"Later is better" when it comes to voter registration in national elections, according a new study of voter participation in the 2000 presidential election.
People who register to vote closer to registration deadlines are much more likely to vote on Election Day than are people who register earlier in an election year, according to the study conducted by political scientists from the University at Buffalo, University of Maryland and University of Texas.
"It's a very interesting pattern," says UB researcher Joshua J. Dyck, Ph.D., assistant professor of political science. "For political campaigns focused on get-out-the-vote efforts, the takeaway message is this: you'll get more bang for your buck if you focus on the narrow window close to the registration deadline.
"That's where we see a huge surge in voter registration and those people are much more likely to turn out to vote."
Dyck's co-researchers were James G. Gimpel, Ph.D., professor of government at University of Maryland, and Daron R. Shaw, Ph.D., associate professor of government at University of Texas.
The researchers focused on voter registration and voter turnout in large counties in six states during the 2000 presidential campaign.
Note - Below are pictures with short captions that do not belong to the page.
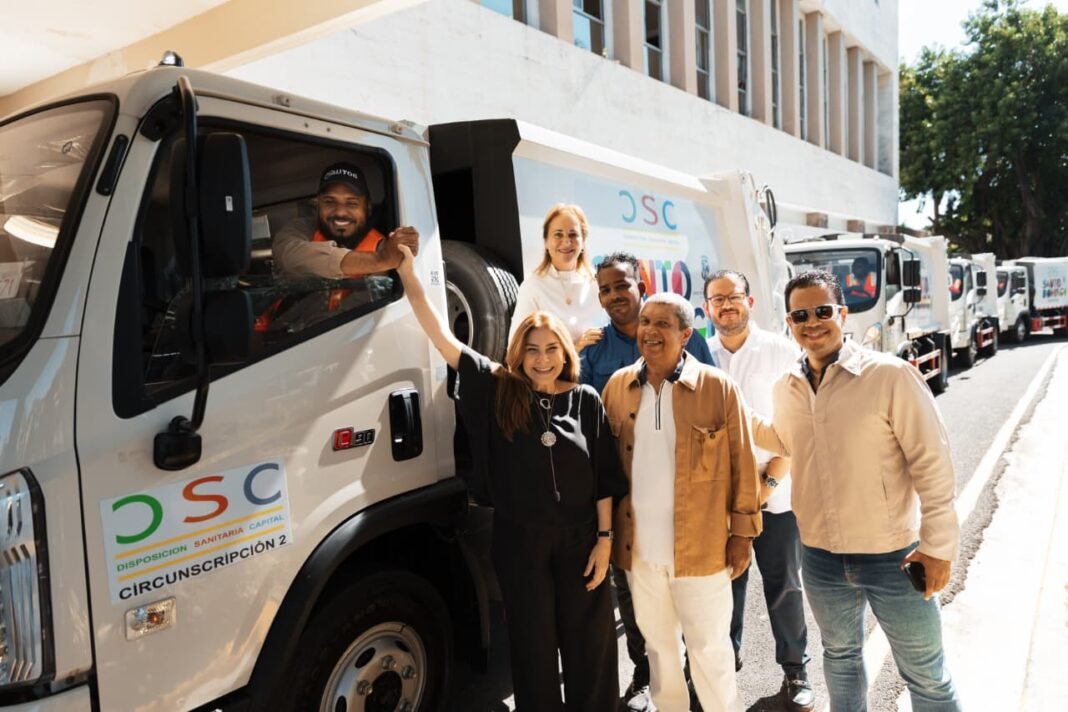 Alcaldía DN incorpora nuevos camiones para reforzar recogida de desechos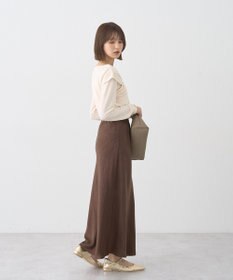 earth music&ecology リボンライクドレーププルオーバー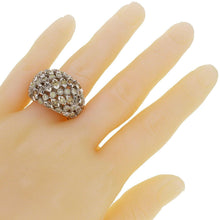 Load image into Gallery viewer, Womens Solid 18k White Gold 3.30ctw Fancy Color Diamond Dome Ring Size 7.5 - ErikRayo.com
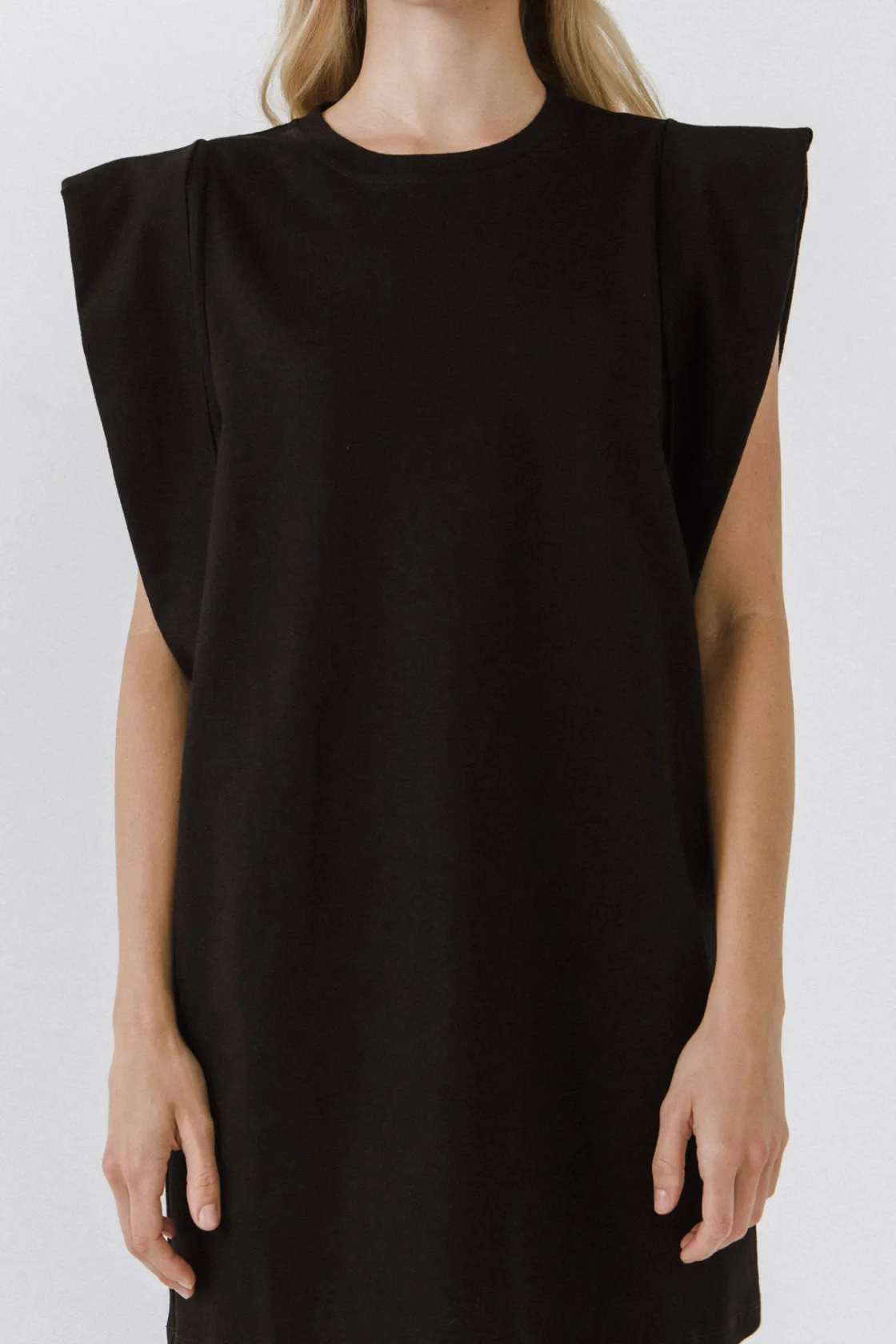 endless_rose__folded_deta_5.webp ENDLESS ROSE Tops*- Folded Detail Mini Dress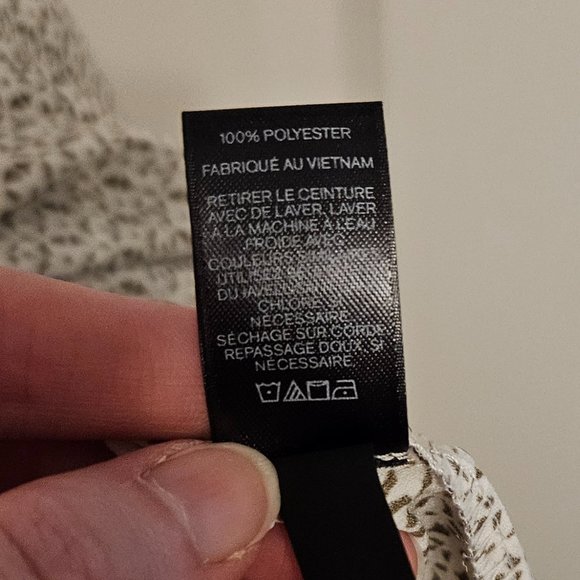 Express Button Down Patterned Shirt Dress Size SMALL - Picture 8 of 9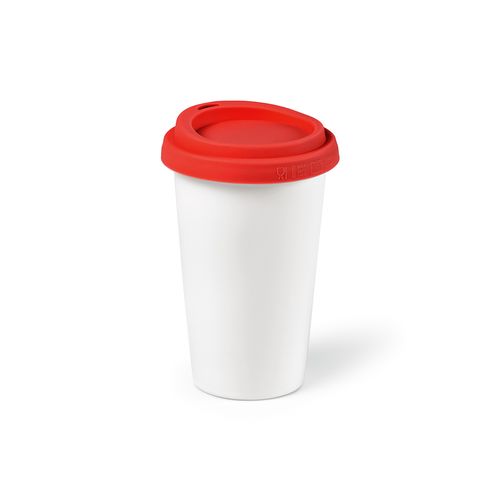 Gobelet de voyage Tagus céramique 330ml. Couvercle coloré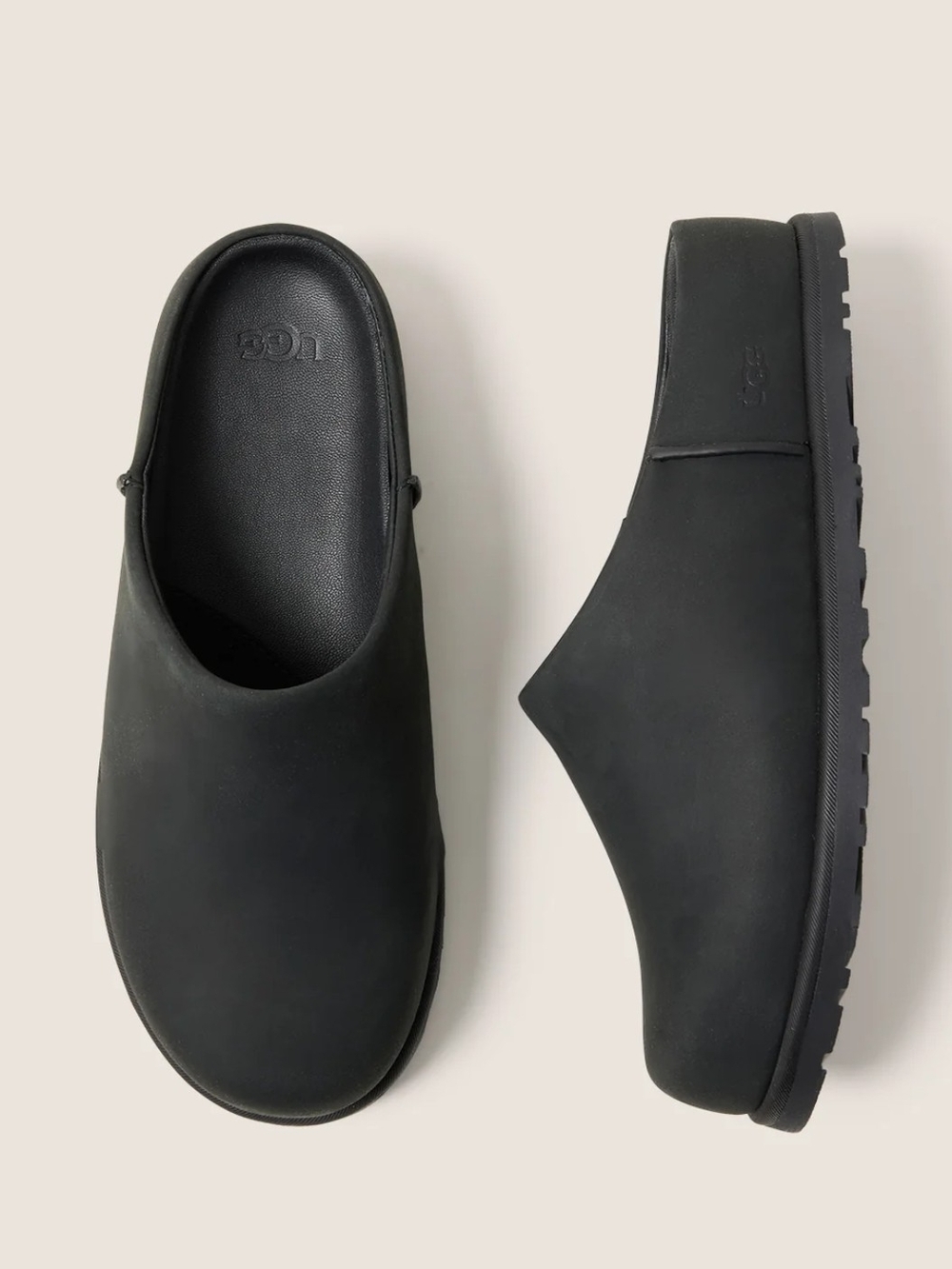 UGG Women’s Black Otzo Leather Clog, 7.5. New In Box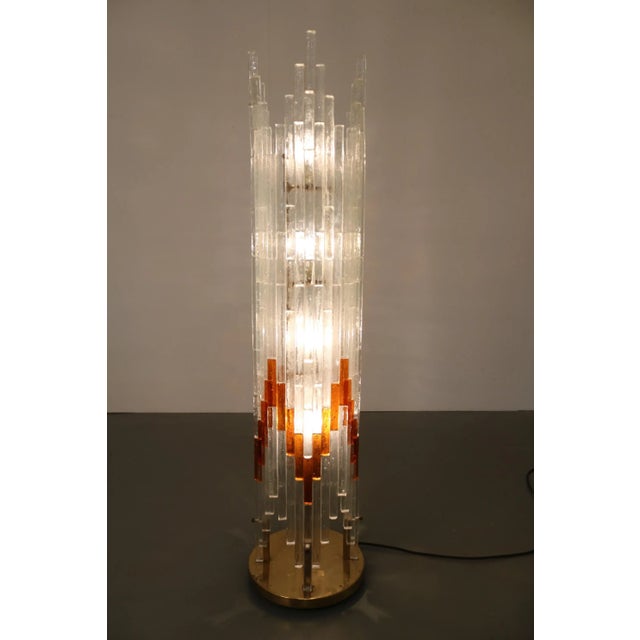Metal Italian Glass Floor Lamp from Poliarte, 1960s For Sale - Image 7 of 17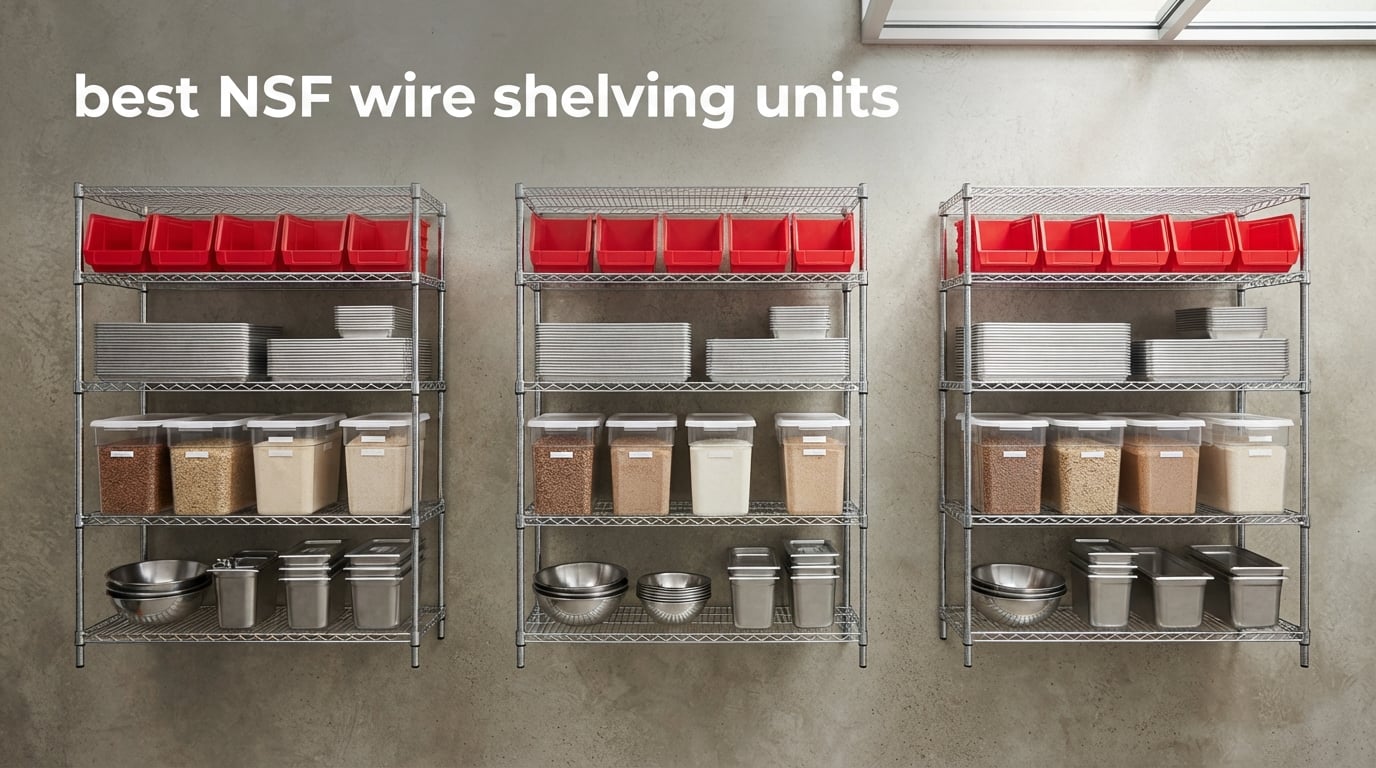 best NSF wire shelving units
These included battleground states Florida, Iowa and New Mexico, as well as Kentucky, Nevada and North Carolina. The sample included more than 400,000 registered voters. The deadline for voter registration is about 30 days before an election in most states.
To be published in a forthcoming issue of Party Politics, the study is one of the first to assess to the effect of timing and campaign activity on voter registration, explains Dyck, an expert on political participation. Campaigns historically have focused on turning out registered voters, but with the closeness of recent national elections the major parties are focusing more on voter registration, he notes.
"Political parties are much more effective at turning out people who they know are going to be reliable supporters than they are at generating new voters," Dyck explains. "These results show that they should consider adding late-registration drives to their outreach, and that timing is important."
The study found that people who registered to vote the week of the registration deadline were 16 percent more likely to vote than those who registered one year from the deadline. Of the late registrants, young adults were 15 percent less likely to vote than older adults, and women were more likely than men to turn out. Across all counties studied, an average of 125 percent more registrants signed up in the three weeks prior to the deadline than in all previous weeks.
Also, Republican late registrants were much more likely to vote than late-registering Democrats. The study showed that in most places where Democrats "won" the election in 2000, they had to register many more people than the Republicans because the GOP's new registrants appeared to vote at almost twice the rate as new Democratic registrants. Late registrants from both parties were more likely to vote than independents.
As a group, late registrants were generally young adults between the ages of 18-49; the majority were under 40. Most late registrants were independents, particularly among younger adults.
The study also found that spikes in voter registration coincided with the occurrence of conventions, primaries and other major political events during an election year. "This would appear to be good news for campaign organizers, but it is unclear if the spike in registrations after major political events is result of extensive party outreach that accompany these events or a spontaneous reaction," Dyck says.
Another spike in registration occurred after Independence Day, when campaigns targeted communities that grant citizenship to immigrants on that date, the study shows.
On the flipside, the study also suggests much more muted electoral effects from motor voter laws. While people are registering with greater frequency when they make their regular trip to the DMV, the electoral gains realized from this registration increase is nowhere near to what you get over the course of a campaign.
"Reforms, such as motor voter laws, aimed solely at increasing registration rates, will not necessarily lead to higher voter turnout," Dyck says.